It’s also possible the Heat could approach veteran forward Udonis Haslem about a coaching position, but it’s unclear whether he would have interest. Haslem has not decided whether he will retire or return for an 18th NBA season with the Heat.

Craig was linked to several head coaching vacancies this offseason, including the Indiana Pacers opening that went to Toronto Raptors assistant Nate Bjorkgren.

Craig, 38, spent the past four seasons as a Heat assistant on Spoelstra’s staff after spending the 2015-16 season as the head coach of the Skyforce. In Craig’s lone season as the Skyforce’s coach, he was named the NBA G League Coach of the Year and led the team to its first NBA G League title in franchise history.

Craig, a Massachusetts native, began his Heat career as a video intern in 2003-04. He was named assistant video coordinator in 2004-05 and two years later was promoted to video coordinator, a role he served for five seasons before being elevated to video coordinator/player development coach prior to the 2011-12 season.

The following season, Craig was named assistant coach/video coordinator and then in 2013-14, he was promoted to assistant coach/player development. During the 2014-15 season, he served as assistant coach/director of player development for the Heat before coaching in the G League for one season and then returning to serve as one of Spoelstra’s assistant coaches for the past four seasons.

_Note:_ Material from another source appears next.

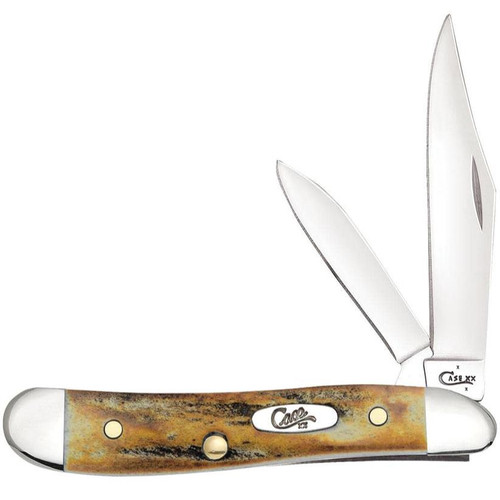 Case Cutlery Genuine Stag Peanut  #00048 - 021205000480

Craig filled in as the Heat’s head coach for the only two games Spoelstra has missed in his 12 seasons at the helm. The first game was when Spoelstra’s first child, Santiago, was born (an overtime road loss to the Indiana Pacers in March 2018) and the second came when Spoelstra’s second child, Dante, was born (a road loss to the Boston Celtics in Dec. 2019).

It’s the second consecutive offseason that Spoelstra has lost one of his lead assistants.

Juwan Howard left the Heat to lead his alma mater and become the University of Michigan’s head coach last year. Allen was hired by Miami to fill the spot Howard left behind on Spoelstra’s staff.